Thursday, November 23, 2017

Sushma Swaraj wants to visit Bangladesh as early as possible

  • Nurul Islam Hasib, Senior Correspondent,
    Published: 2017-08-13 22:29:21 BdST

File Photo: Indian External Affairs Minister Sushma Swaraj giving a speech on India - Bangladesh relations at Ruposhi Bangla Hotel in Dhaka on June 25, 2014. File Photo: asaduzzaman pramanik/

India’s External Affairs Minister Sushma Swaraj, who recovered from her kidney ailments and recently attended BIMSTEC meeting in Nepal, wants to visit Bangladesh “as early as possible”.

“We did not fix the date yet. Next month may be difficult due to UN General Assembly, but she wants to come to Bangladesh as early as possible as she recovered and already visited a country,” an Indian diplomat told on Sunday while talking on India-Bangladesh relations.
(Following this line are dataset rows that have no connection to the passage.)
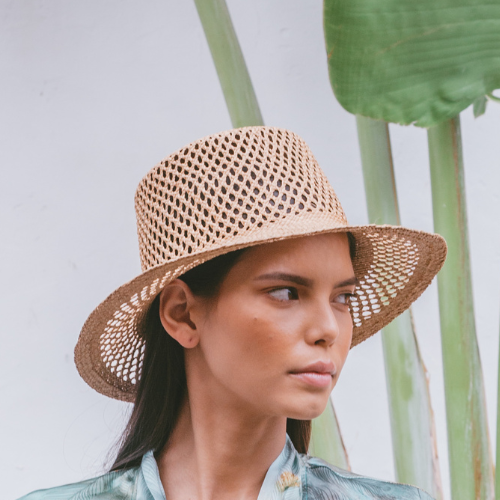 NWT MARAKI HERITAGE Beige Bucket Hat with Silk Tie display picture 3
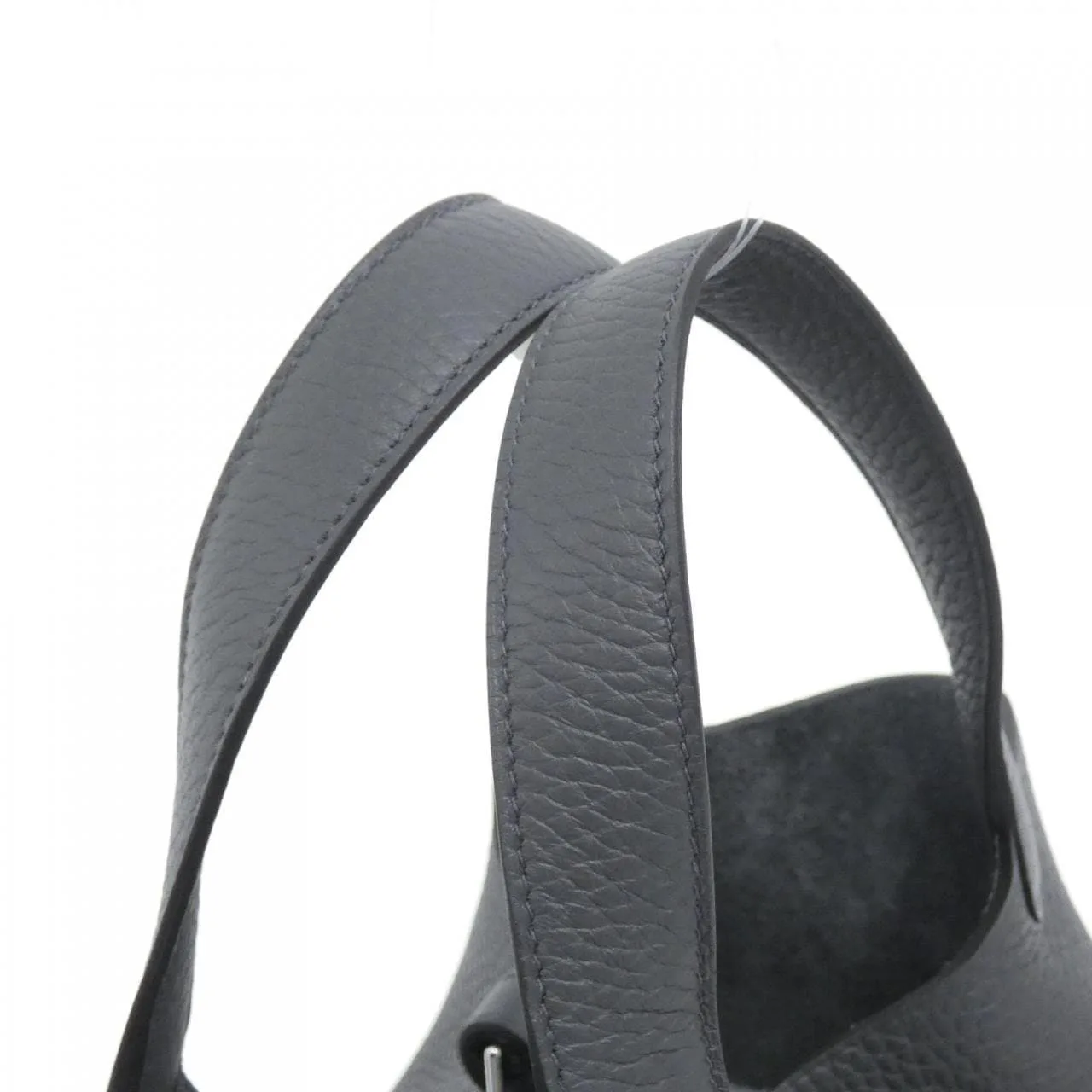 HERMES Picotin 056289CK Handbag Clemence Clemence Leather Unused - Thumbnail 4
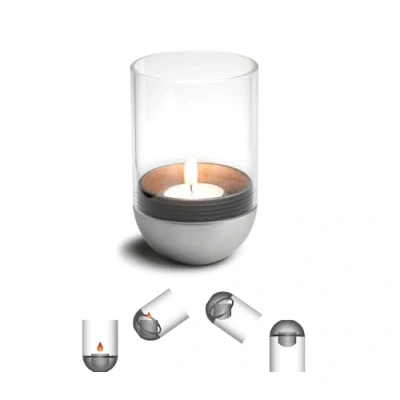 Imagen de höfats Gravity Candle M90 portavelas Mantiene la Vela Horizontal iluminación y extinción Confortables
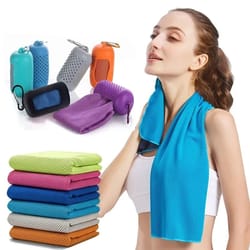 outdoor microfiber quick drying cooling towel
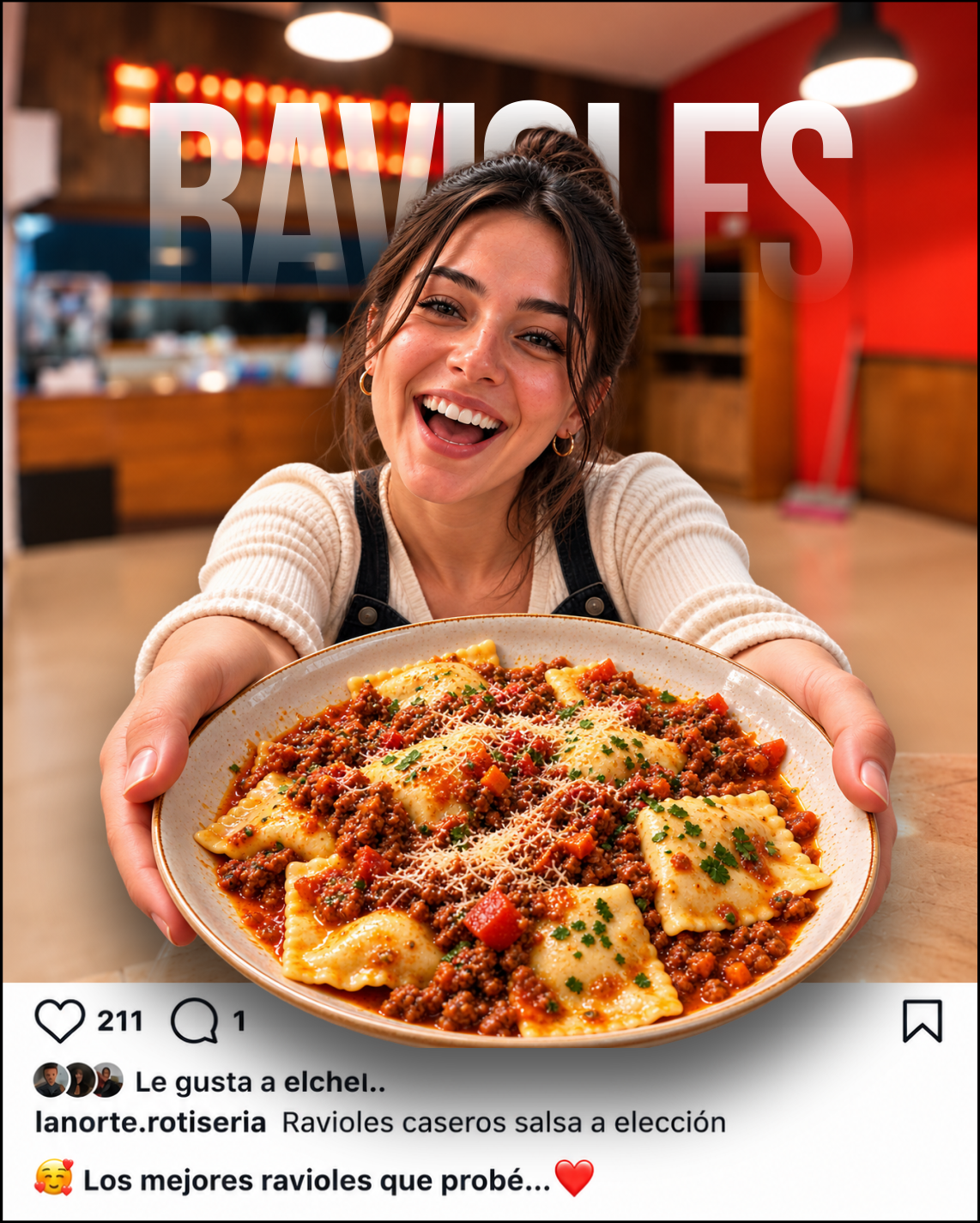 Contenido para redes sociales — gastronomía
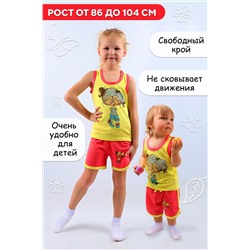 Комплект (майка, шорты) для девочки №SM206-2
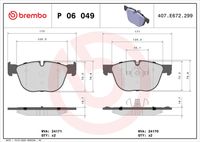 BREMBO P 06 049X - Juego de pastillas de freno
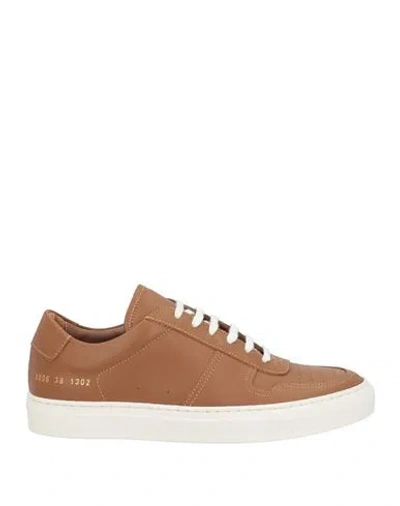 Common Projects Woman By  Woman Sneakers Brown Size 8 Leather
The visit would be for the ‘Joint Consultative Commission’ meeting with his Bangladesh counterpart AH Mahmood Ali. In such meetings, both sides take stocks of their ongoing cooperation and give future directions.

The next meeting would be the first of its kind after Prime Minister Sheikh Hasina’s India visit in April when both sides embarked on a new era of cooperation.

India has rolled out a fresh $5-billion line of credit, implementation of those projects are under way.

The Indian diplomat who talked to on condition of anonymity said they were trying to maintain “maximum transparency” in each step of implementation.

During the visit, India signed 36 agreements and MoUs with Bangladesh, the highest number during a visit by the head of the government.

Together with the 22 agreements signed during the visit of Indian Prime Minister Narendra Modi, as many as 60 documents have been signed in two years, which both Bangladesh and India consider as “big achievements”.

“We’ll implement those in full transparency. Both the governments will know what is happening”.

The two countries are also giving importance on people-to-people contacts.

The process of getting visas has been eased resulting in huge number of Bangladeshis visiting India now.

“In the last six months, about 0.7 million visas have been issued, and we think this year the total number will be 1.4 million,” the diplomat said, “the figure was less than 1 million last year”.

“The actual visit would be much higher because we are issuing multiple entries for one year or six months for a long time”.

Tourist visa applicants in Chittagong region can submit applications even without mentioning travel dates or providing travel tickets with their applications.

“We’ll introduce this system in Rajshahi also from September. Gradually we’ll implement it across Bangladesh. We are trying to make the visa process as easier as possible,” the diplomat said.

“In fact, we have no reservation to give Bangladeshis on-arrival visa in principle. But our ports are not prepared yet to deal such huge number of people on arrival”.

India also supplies 660MW electricity to Bangladesh. Both sides are also working on the joint project such as coal-based Rampal power plant to generate more electricity for power-starved Bangladesh.

India’s Adani group is also planning to set up a coal-fired power plant in the Indian state of Jharkhand to supply electricity to Bangladesh.

“We are ready to do whatever Bangladesh needs,” the diplomat said.